Predicting MEMS Package Level Failure Modes in Automotive Applications 2016-01-0266
The use of Micro Electro-Mechanical Systems (MEMS) for measuring accelerations, pressure, gyroscopic yaw rate and humidity in engine controls, inflatable restraint, braking, stability and other safety critical vehicle systems is increasing. Their use in these safety critical systems in high stress automotive environments makes ensuring their reliability and durability essential tasks, especially as the Vehicle System Functional Safety requirements of ISO-26262 are being implemented across the industry. A Design for Reliability (DfR) approach that applies Physics of Failure methods to evaluate and eliminate or mitigate susceptibilities to failure modes of a device during the design of a product is the most effective and efficient way to achieve Functional Safety levels of reliability-durability.
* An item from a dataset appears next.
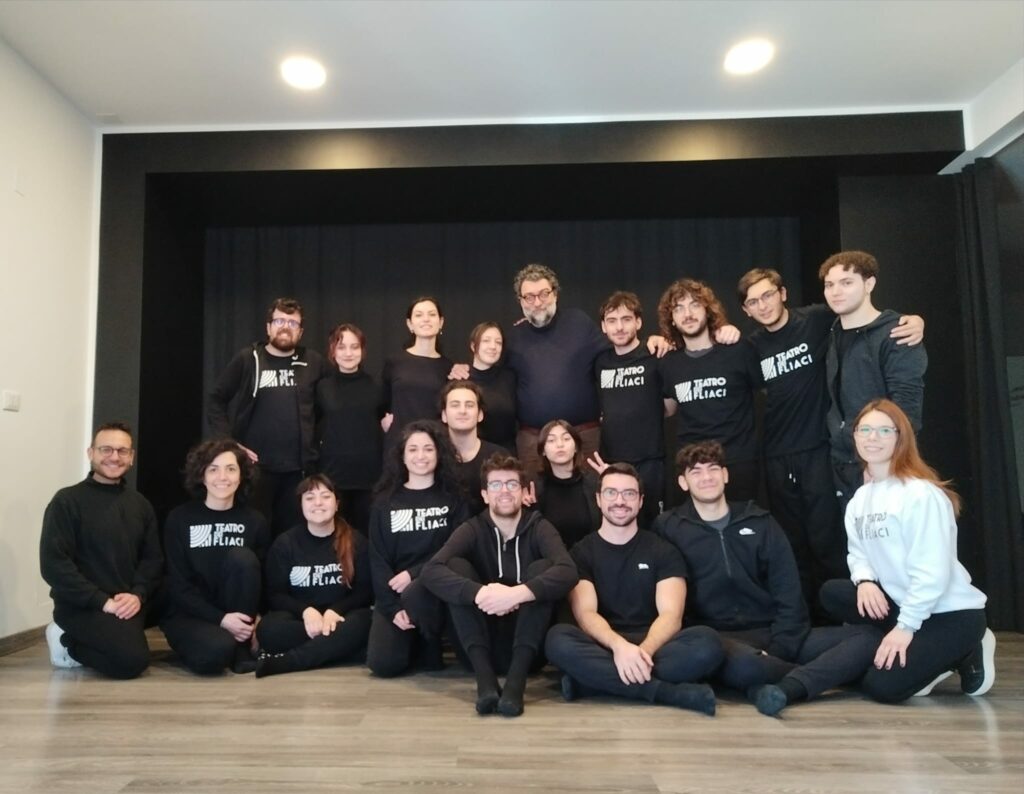 Francesco Sala con gli allievi del corso di teatro del Teatro dei Fliaci con i direttori artistici Di Pierno e Nardi.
MEMS packages exhibit several failure modes that can be predicted as a device is designed using modern Computer Aided Engineering (CAE) software tools. This paper provides a methodology for using the Sherlock ADA CAE APP to rapidly create a high-fidelity model of a MEMS interposer with all the conductor geometries. The two failure modes that are explored with this model are:
Package warpage due to copper imbalance between the two sides of the MEMS interposer. If a Coefficient of Thermal Expansion (CTE) mismatch due to copper imbalance exists between the two sides, bending of the package can occur to such a degree that it becomes impossible to assemble the solder interconnects.
Filled microvia delamination that can occur when the filled microvias have copper structures that can delaminate from the copper traces in the conductor layers.
High-fidelity CAE modeling where each layer can be meshed based on the actual geometry of the layout of a MEMS device provides a predictive tool that allows designers to optimize the design to balance the layout without the need for costly and time consuming manufacture and testing of prototype parts.